### WORK ORDER
The data below should be printed in full, exactly, and without any of its images.

▼▼▼

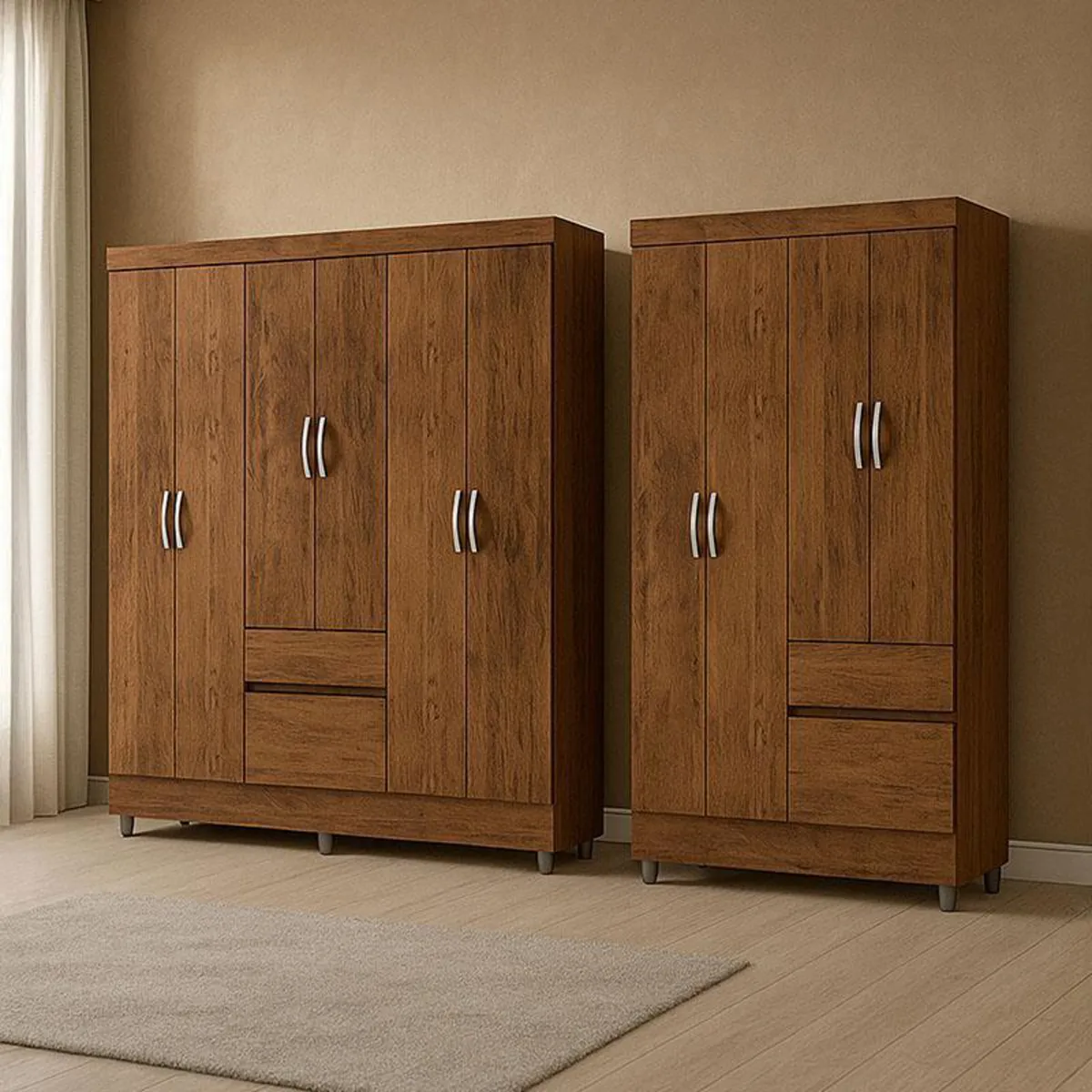 VEKKAHOME - Combo Clóset 10 Puerta(s) 4 Cajón(es) 7 Repisa(s) 181x40x102.6 cm Café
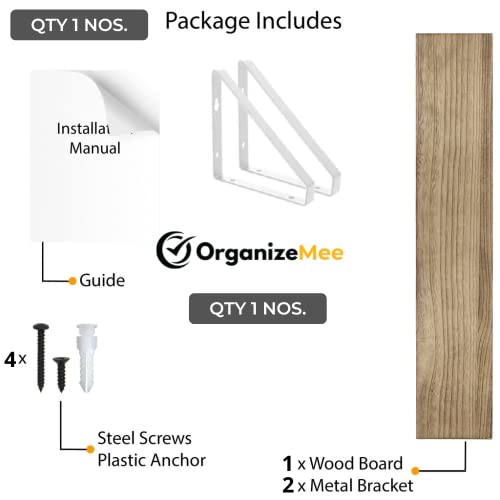 Image of OrganizeMee Wooden Book Shelf Wall D�cor,Floating Shelves For Living Room Kitchen,Bedroom,Decorative items,Pine Wood Planks Metal Mounting Brackets,Polished ,Size(16.5 Inch X 6 inchWhite Bracket) Qty:1NOS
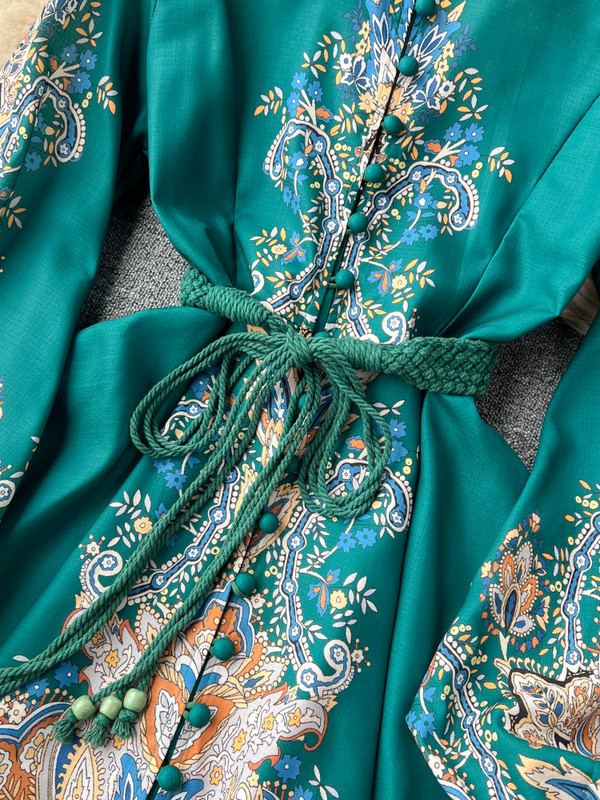 Francuska retro duga haljina Ženske lampione Večernje haljine s printom dugih rukava Proljeće Jesen Elegantni dugi ogrtač s jednim kopčanjem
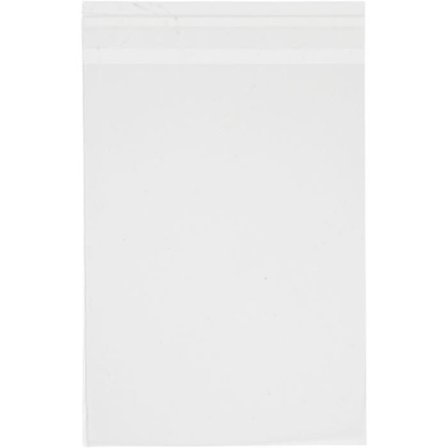 Platta transparenta påsar med självhäftande stängning - 12 x 16 cm - 50 st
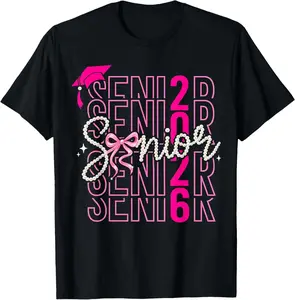 Senior Pearl Pink Bow Class of 2026 Graduation Girls T-Shirt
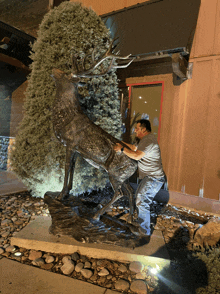 a man kneeling down next to a statue of a deer in front of a building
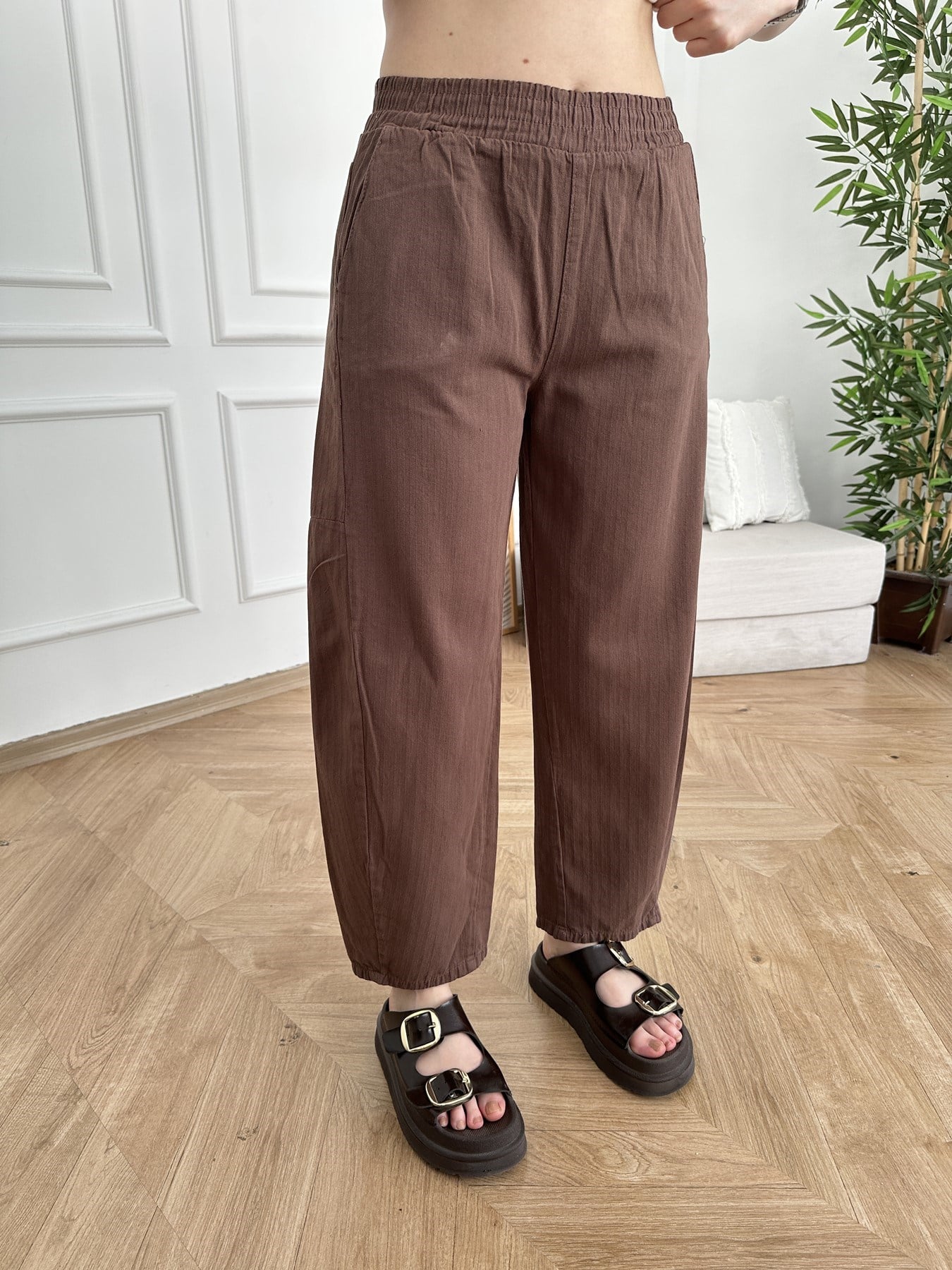 Beli Lastikli Balon Pantolon Açık kahve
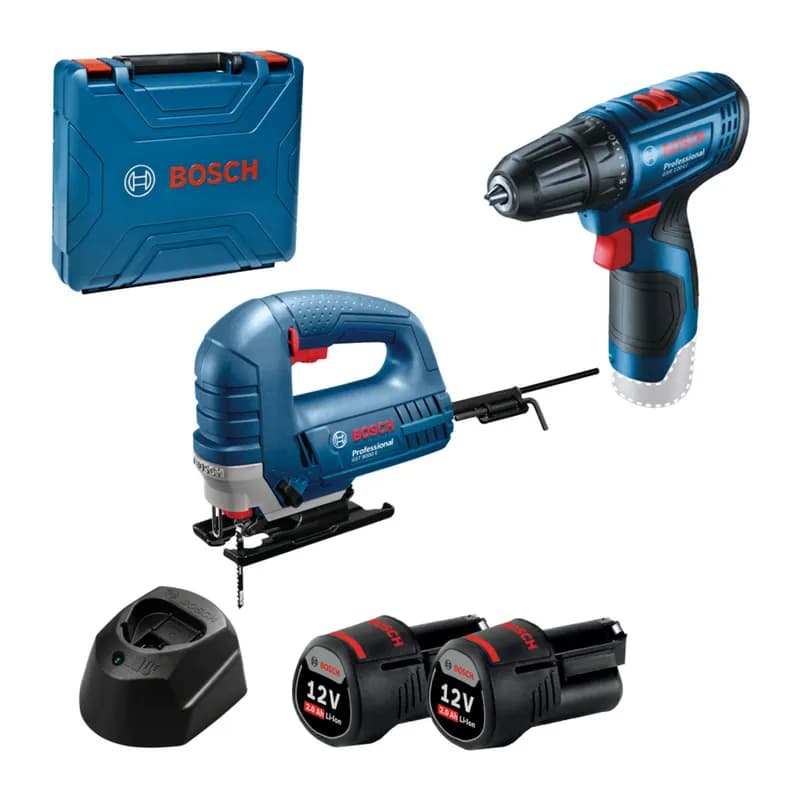 BOSCH Dekupaj GST8000E+AKÜLÜ Vidalama GSR120LI Set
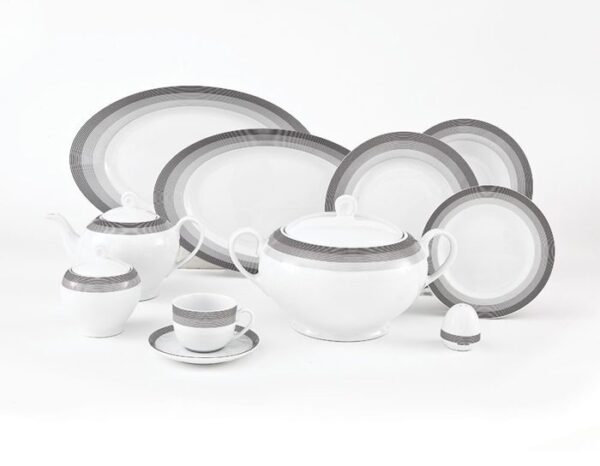 سرویس غذاخوری 102پارچه چینی زرین ایران سری ایتالیااف طرح سیلور لاینر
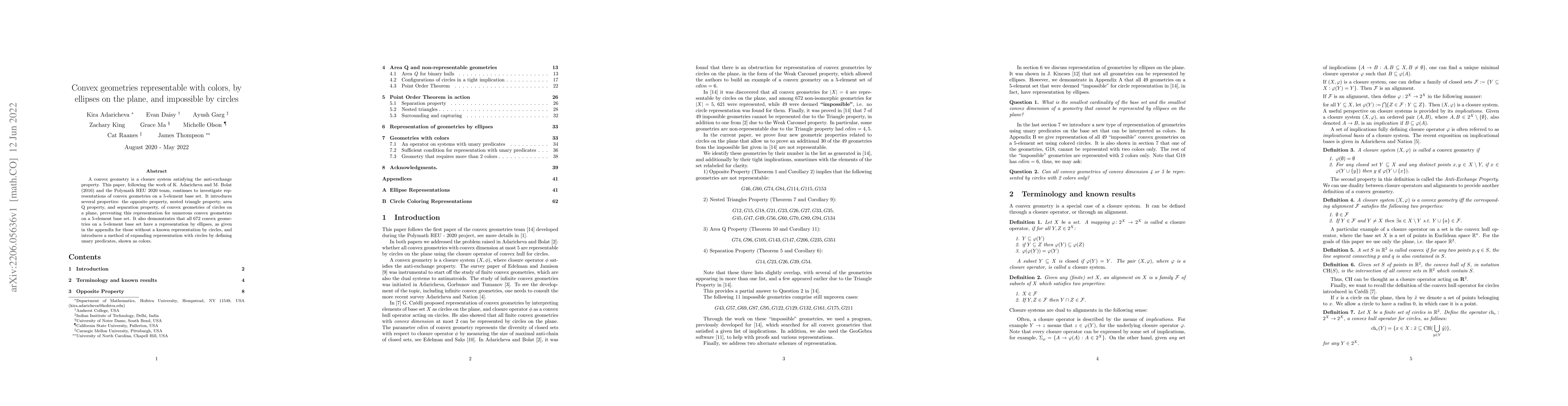 Thumbnail for Convex geometries representable with colors, by ellipses on the plane,
  and impossible by circles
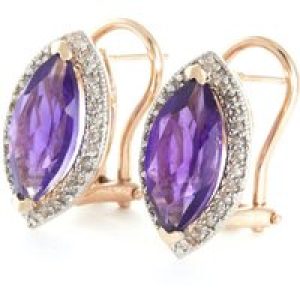 Amethyst & Diamond Ivanna Halo Stud Earrings in 9ct Rose Gold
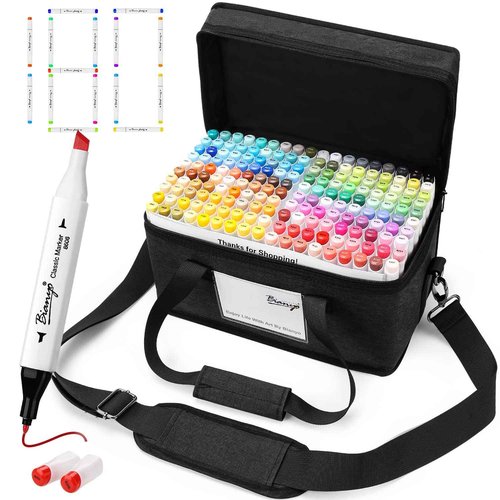 Bianyo 180 Colors Alcohol Markers Set, Dual Tip Fine & Chisel Art Markers for Drawing, Sketching & Coloring – Includes Black Canvas Bag with Customizable Card, Perfect for Artists & Crafters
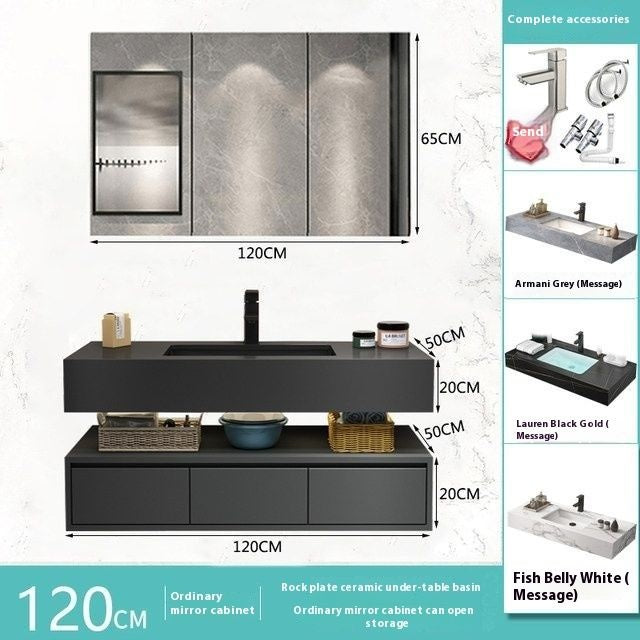 QW- Custom-made Premium Storage Cabinet Sink Set Smart Mirror Bathroom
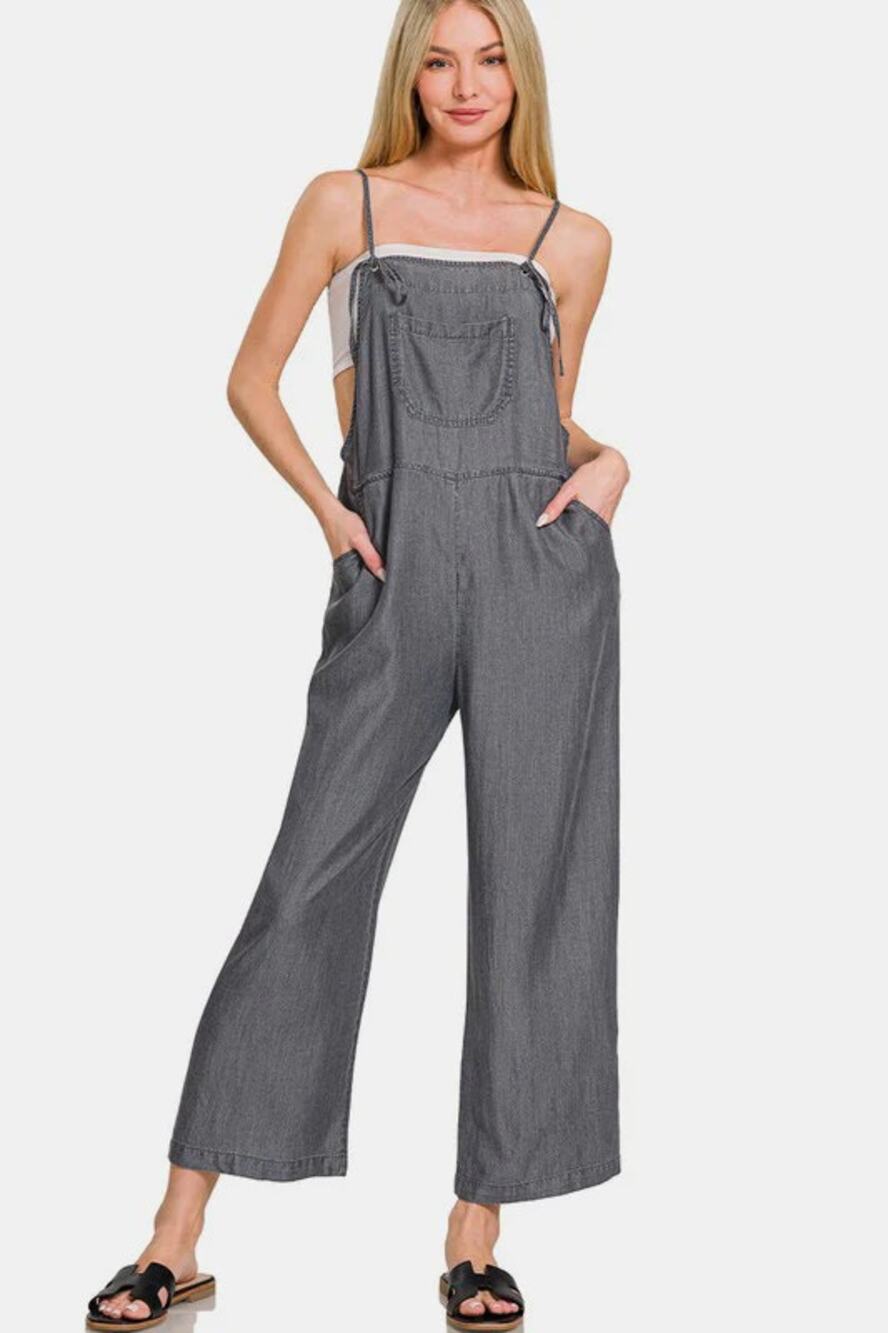 Zenana Washed Adjustable Strap Wide Leg Lightweight Denim Overalls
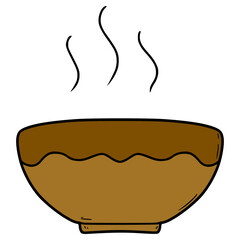 bowl illustration hand drawn isolated vector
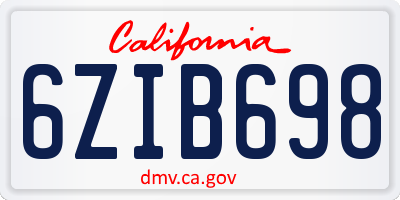 CA license plate 6ZIB698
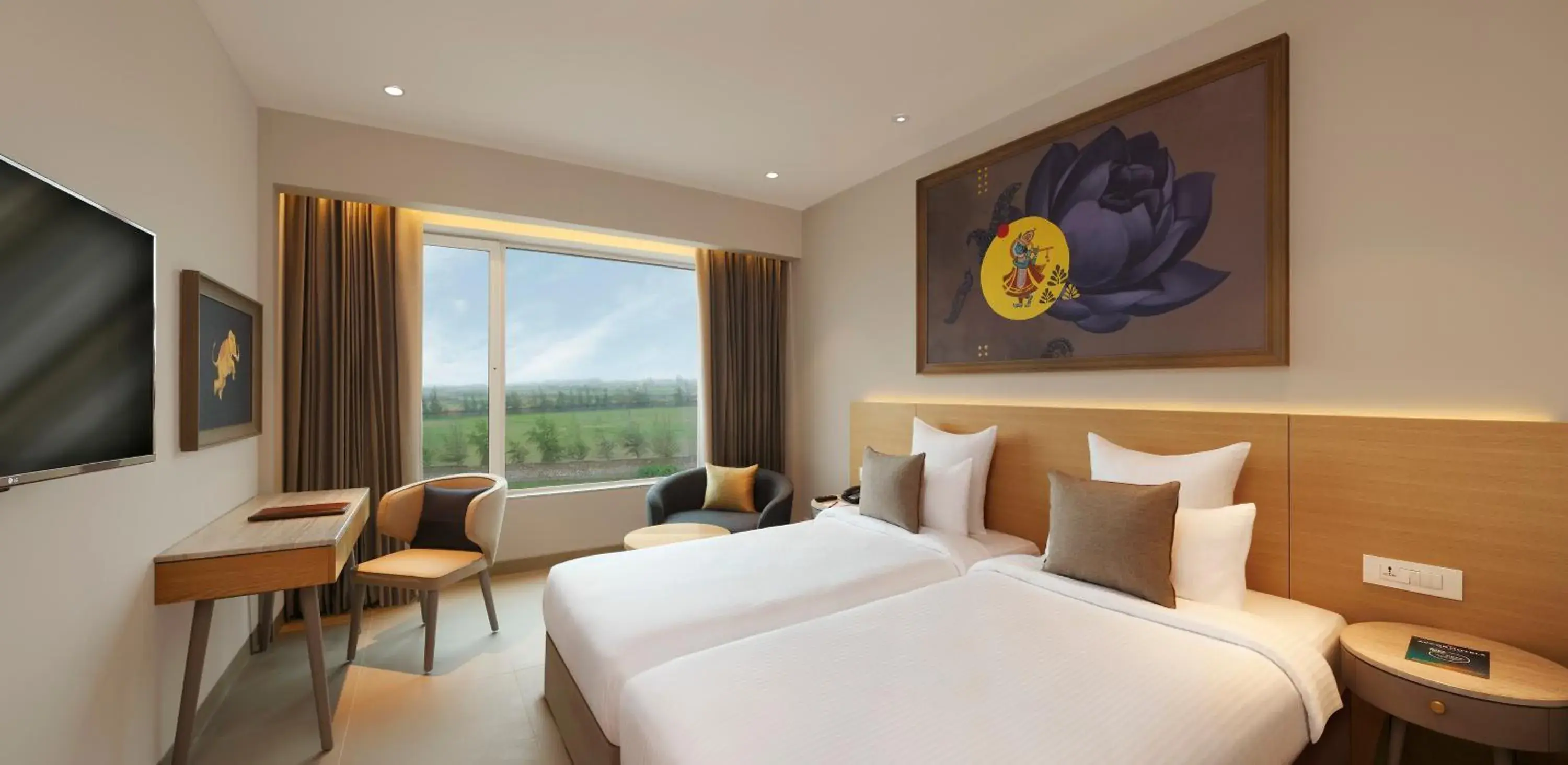 Photo of the whole room, Bed in Ginger Dwarka Photo of the whole room, Bed in Ginger Dwarka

▲▲▲

### SOLUTION FOR THIS PROBLEM
 VEKKAHOME - Combo Clóset 10 Puerta(s) 4 Cajón(es) 7 Repisa(s) 181x40x102.6 cm Café
 Image of OrganizeMee Wooden Book Shelf Wall D�cor,Floating Shelves For Living Room Kitchen,Bedroom,Decorative items,Pine Wood Planks Metal Mounting Brackets,Polished ,Size(16.5 Inch X 6 inchWhite Bracket) Qty:1NOS
 Francuska retro duga haljina Ženske lampione Večernje haljine s printom dugih rukava Proljeće Jesen Elegantni dugi ogrtač s jednim kopčanjem
 Platta transparenta påsar med självhäftande stängning - 12 x 16 cm - 50 st
 Senior Pearl Pink Bow Class of 2026 Graduation Girls T-Shirt
 a man kneeling down next to a statue of a deer in front of a building
 Beli Lastikli Balon Pantolon Açık kahve
 BOSCH Dekupaj GST8000E+AKÜLÜ Vidalama GSR120LI Set
 سرویس غذاخوری 102پارچه چینی زرین ایران سری ایتالیااف طرح سیلور لاینر
 Thumbnail for Convex geometries representable with colors, by ellipses on the plane,
  and impossible by circles
 Amethyst & Diamond Ivanna Halo Stud Earrings in 9ct Rose Gold
 Bianyo 180 Colors Alcohol Markers Set, Dual Tip Fine & Chisel Art Markers for Drawing, Sketching & Coloring – Includes Black Canvas Bag with Customizable Card, Perfect for Artists & Crafters
 QW- Custom-made Premium Storage Cabinet Sink Set Smart Mirror Bathroom
 Zenana Washed Adjustable Strap Wide Leg Lightweight Denim Overalls
 bowl illustration hand drawn isolated vector
 CA license plate 6ZIB698
 Photo of the whole room, Bed in Ginger Dwarka Photo of the whole room, Bed in Ginger Dwarka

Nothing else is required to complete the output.